## Task description
Exact wording is required: give all the records again, minus the pictures.

-- Opening Marker --

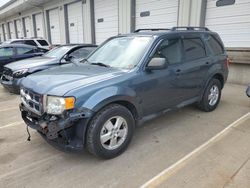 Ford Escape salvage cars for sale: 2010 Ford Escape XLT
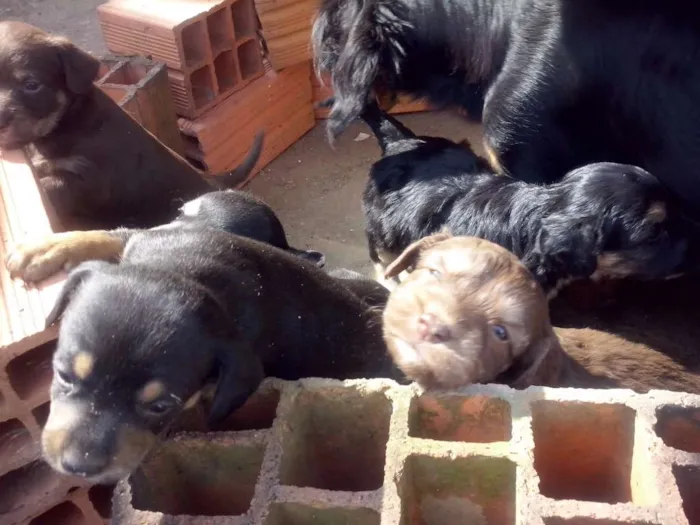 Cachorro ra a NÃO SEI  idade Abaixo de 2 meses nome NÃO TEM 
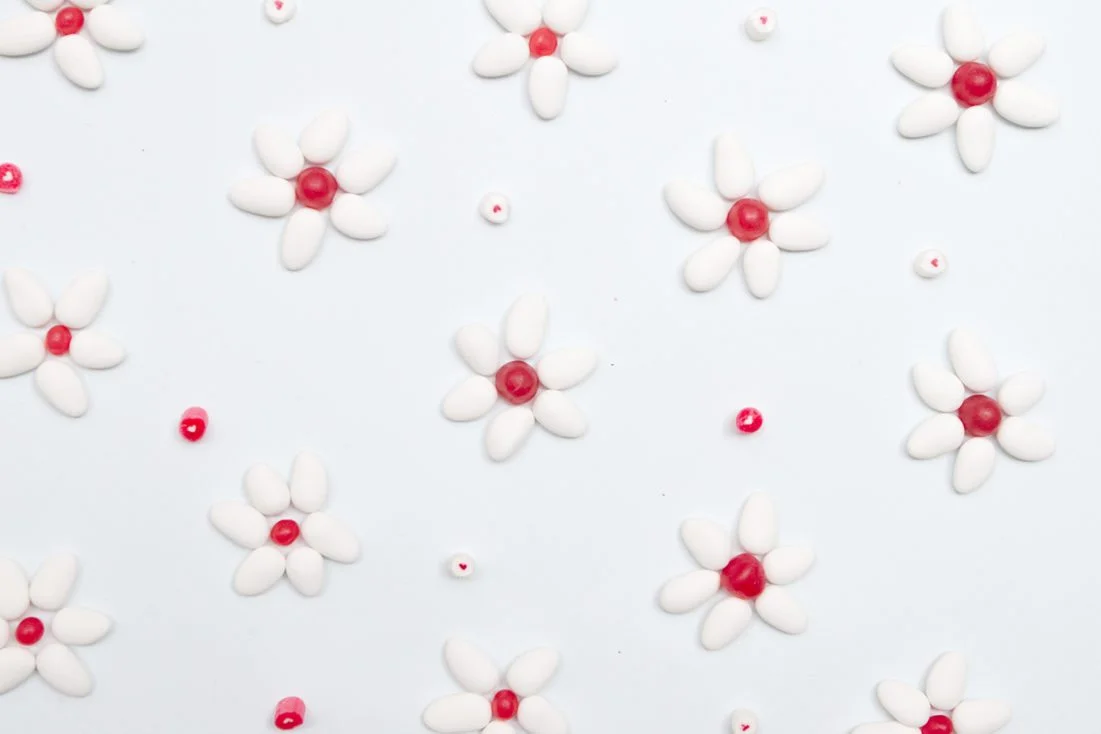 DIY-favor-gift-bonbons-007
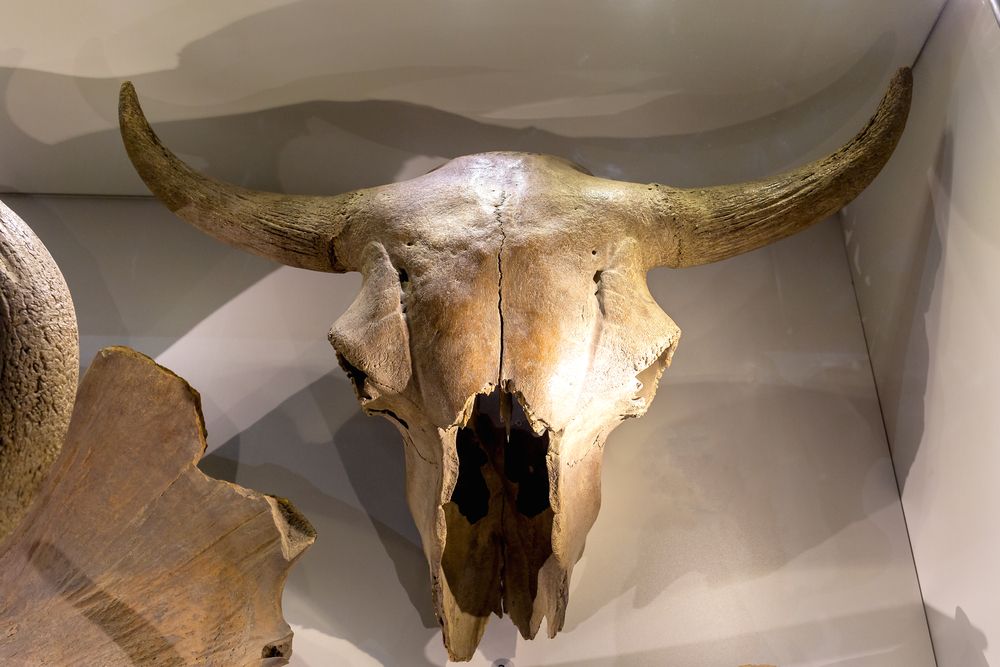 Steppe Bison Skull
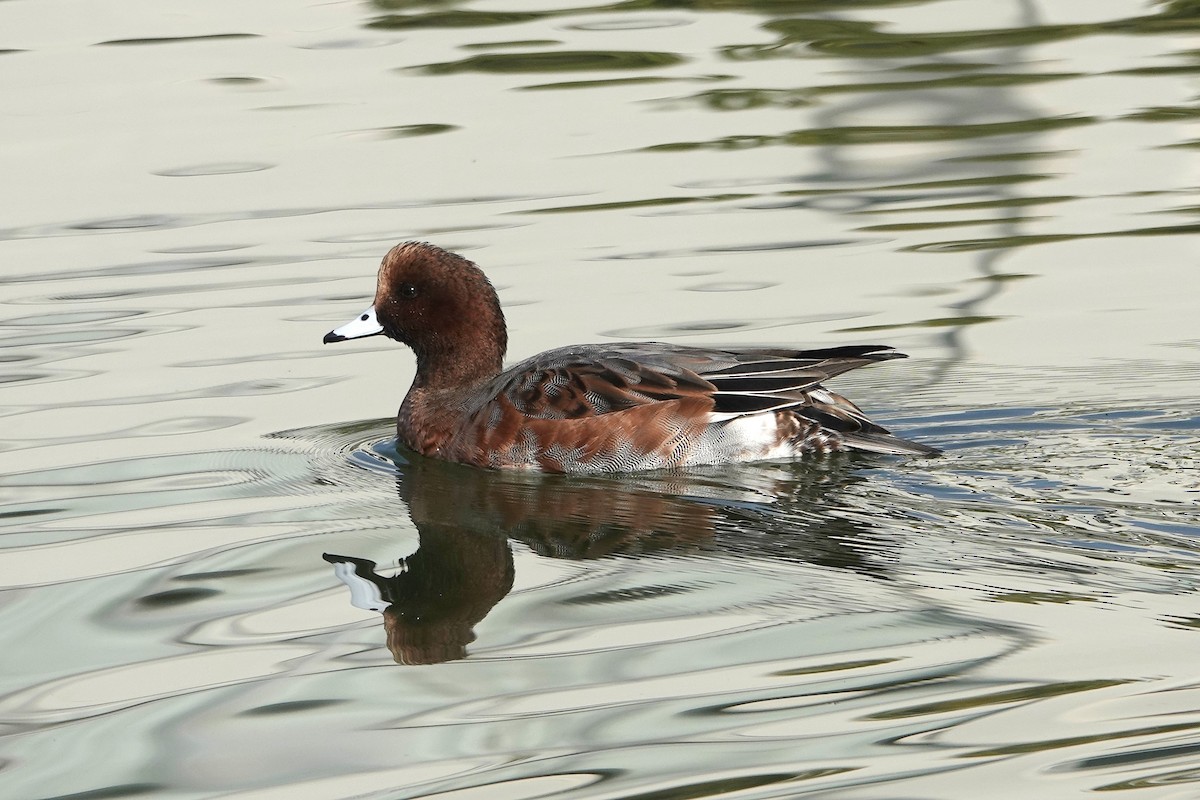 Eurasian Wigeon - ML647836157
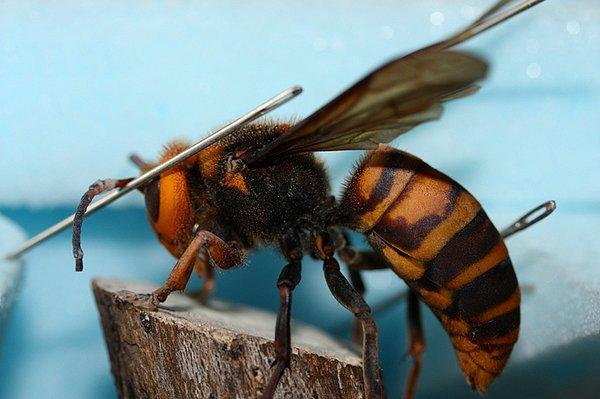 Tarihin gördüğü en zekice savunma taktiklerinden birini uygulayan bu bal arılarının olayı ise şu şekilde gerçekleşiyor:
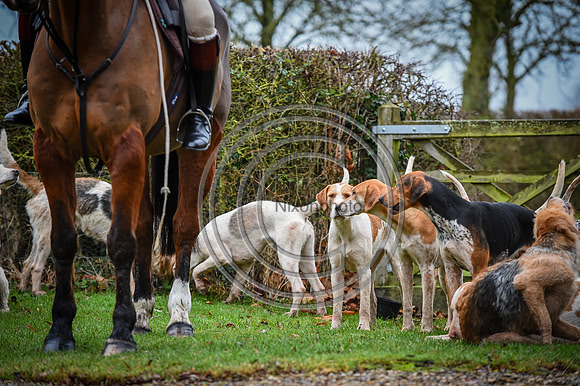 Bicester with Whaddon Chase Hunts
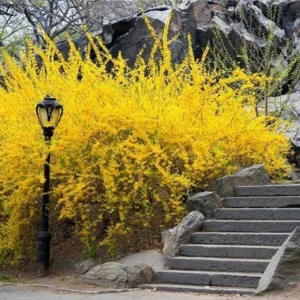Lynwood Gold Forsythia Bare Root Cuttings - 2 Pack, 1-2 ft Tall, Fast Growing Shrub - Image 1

-- Closing Marker --

## Result of this exercise
 Ford Escape salvage cars for sale: 2010 Ford Escape XLT
 Cachorro ra a NÃO SEI  idade Abaixo de 2 meses nome NÃO TEM 
 DIY-favor-gift-bonbons-007
 Steppe Bison Skull
 Eurasian Wigeon - ML647836157
 Tarihin gördüğü en zekice savunma taktiklerinden birini uygulayan bu bal arılarının olayı ise şu şekilde gerçekleşiyor:
 Bicester with Whaddon Chase Hunts
Lynwood Gold Forsythia Bare Root Cuttings - 2 Pack, 1-2 ft Tall, Fast Growing Shrub - Image 1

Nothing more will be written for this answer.